> **What you will do**
A partial copy is required: transcribe exactly the lines from the one containing "Cabilock Ceramic Double-handle" through the last line below, without any pictures.

> **Dataset extract**
Start of Block

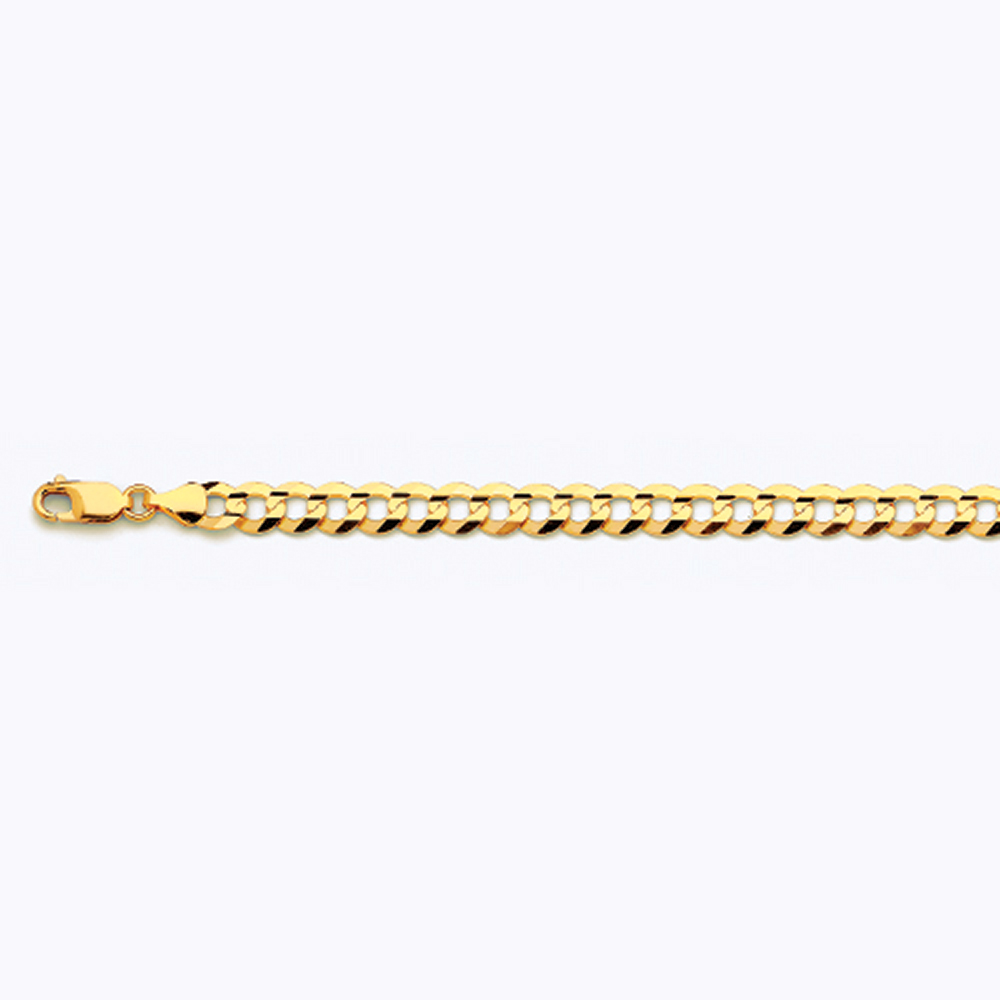 10K 7MM YELLOW GOLD SOLID CURB 24" CHAIN NECKLACE (AVAILABLE IN LENGTHS 7" - 30")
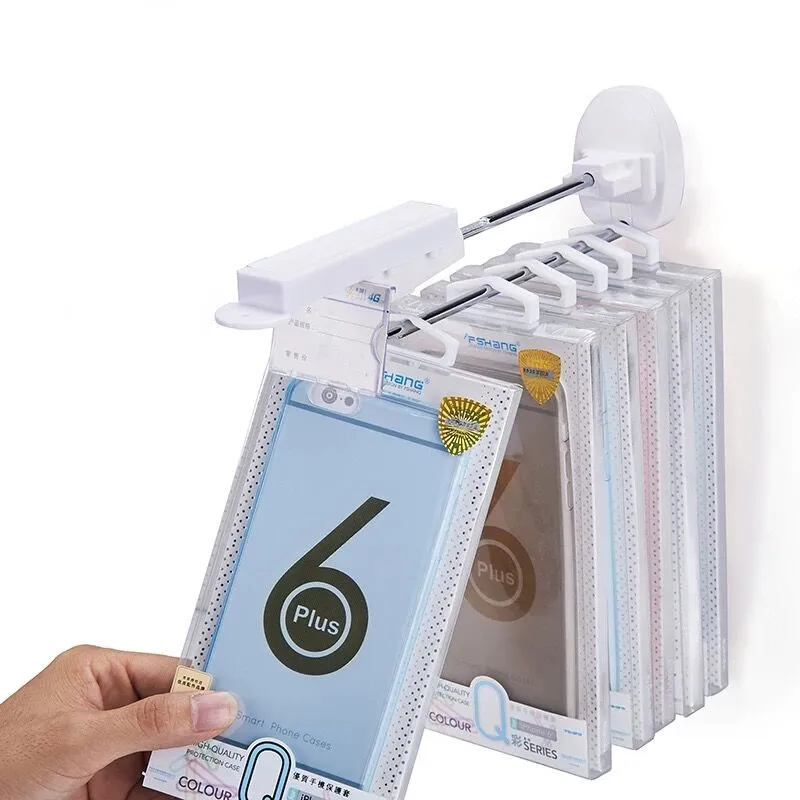 (50 Pcs/Lot ) 7 inch Length Magnet Key Included White Color Slot Wall Anti Theft Security Display Hook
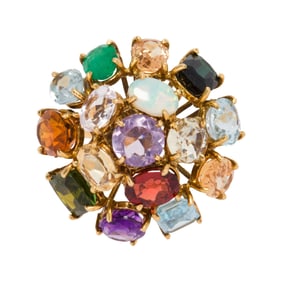 A multi-stone and 18k gold ring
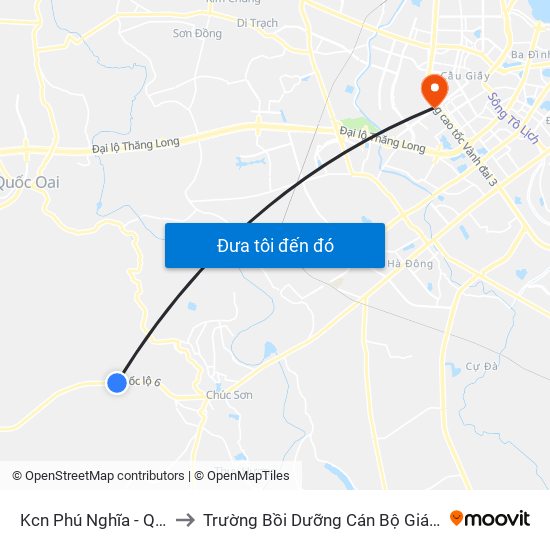 Kcn Phú Nghĩa - Quốc Lộ 6 to Trường Bồi Dưỡng Cán Bộ Giáo Dục Hà Nội map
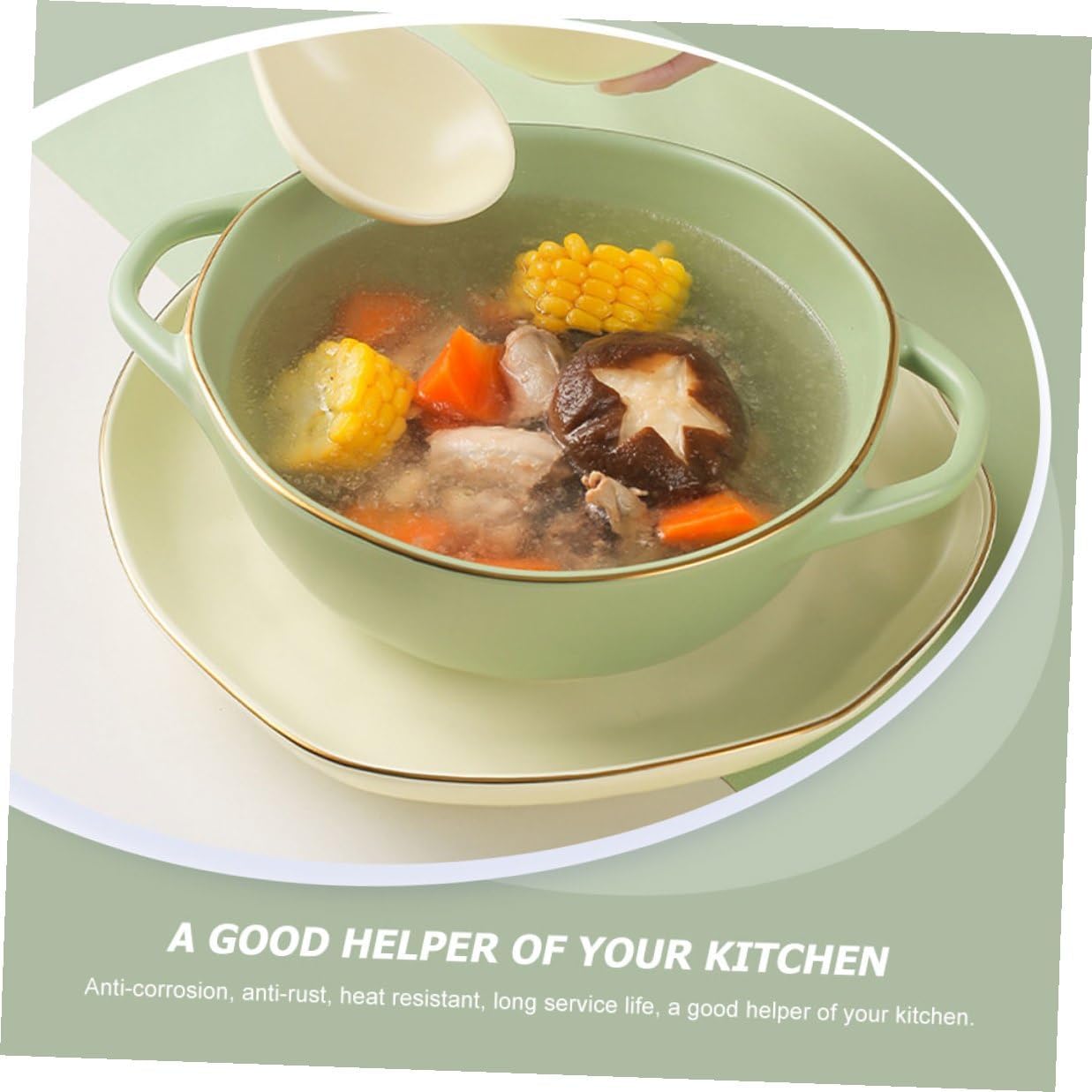 Cabilock Ceramic Double-handle Baking Bowl Soup Serving Dish Matcha Green Salad Mixing Bowl Oven-safe Dinnerware for Kitchen and Dining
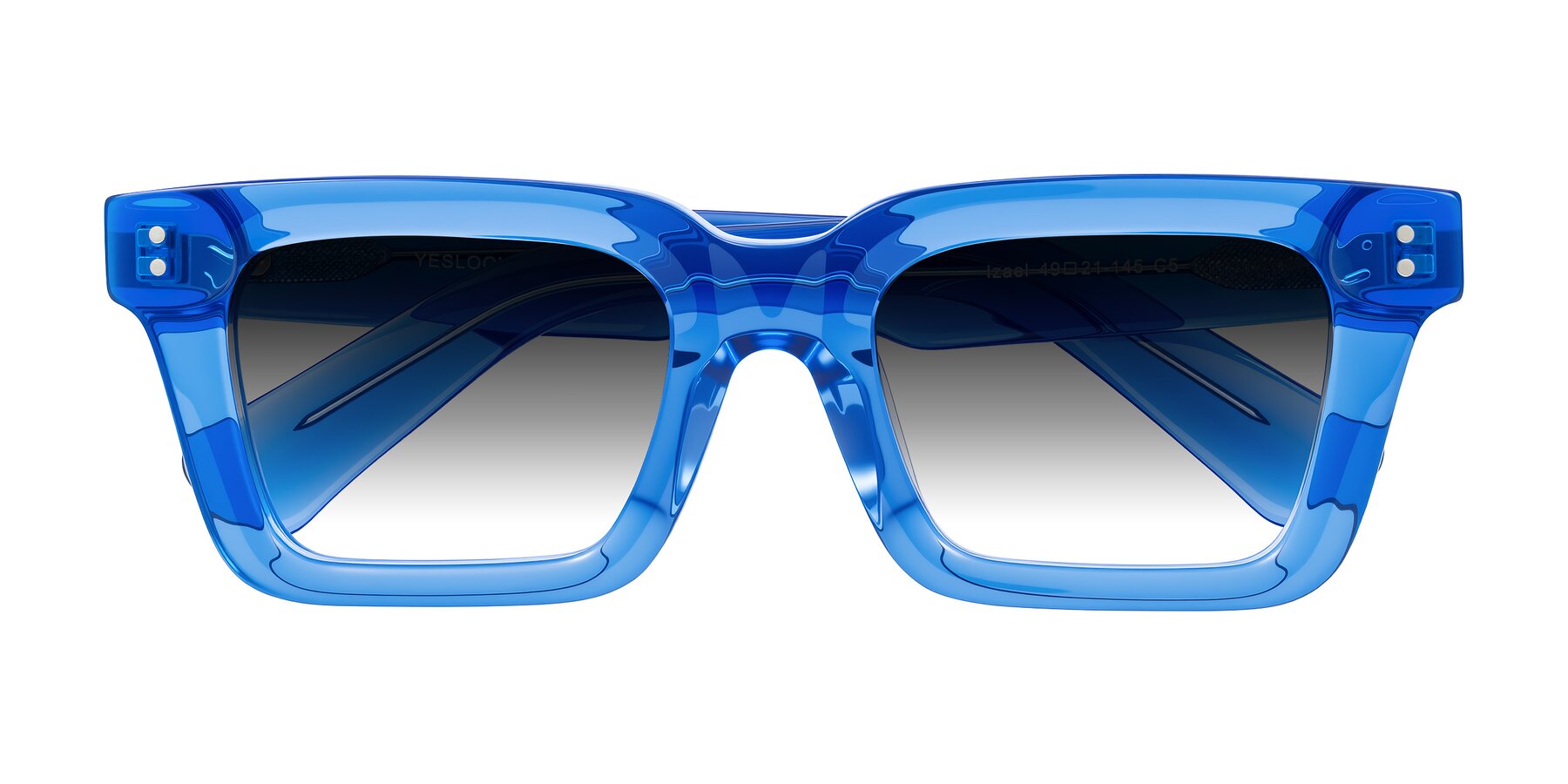 Folded Front of Izael in Transparent Blue with Gray Gradient Lenses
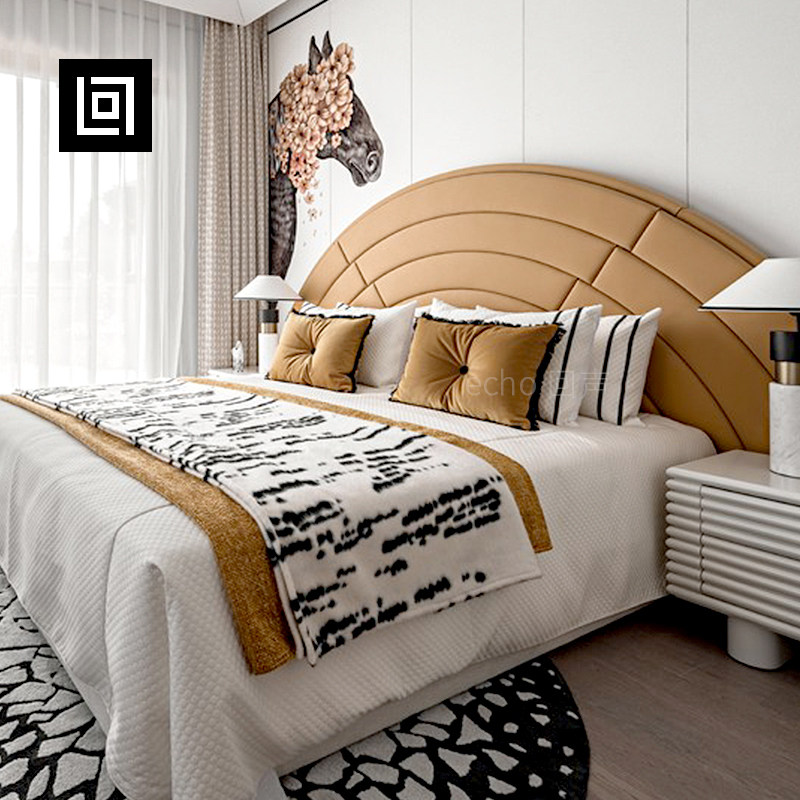 以梦为马女孩房轻奢别墅次卧室样板间黄色系高级感床上用品多件套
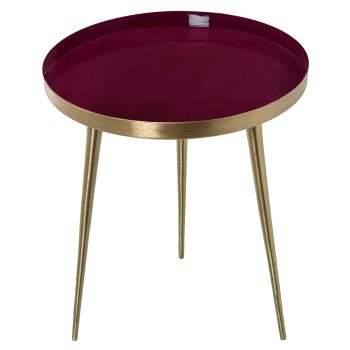 Mesa Metal Esmaltada Burdeos Ø38x43cm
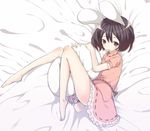  animal_ears bad_id bad_pixiv_id bare_legs barefoot bed_sheet brown_hair bunny_ears bunny_tail dress feet fetal_position full_body highres inaba_tewi legs lying on_side pillow plantar_flexion pokachu red_eyes solo tail touhou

End of Block

> **Solution**
 Cabilock Ceramic Double-handle Baking Bowl Soup Serving Dish Matcha Green Salad Mixing Bowl Oven-safe Dinnerware for Kitchen and Dining
 Folded Front of Izael in Transparent Blue with Gray Gradient Lenses
 以梦为马女孩房轻奢别墅次卧室样板间黄色系高级感床上用品多件套
 Mesa Metal Esmaltada Burdeos Ø38x43cm
  animal_ears bad_id bad_pixiv_id bare_legs barefoot bed_sheet brown_hair bunny_ears bunny_tail dress feet fetal_position full_body highres inaba_tewi legs lying on_side pillow plantar_flexion pokachu red_eyes solo tail touhou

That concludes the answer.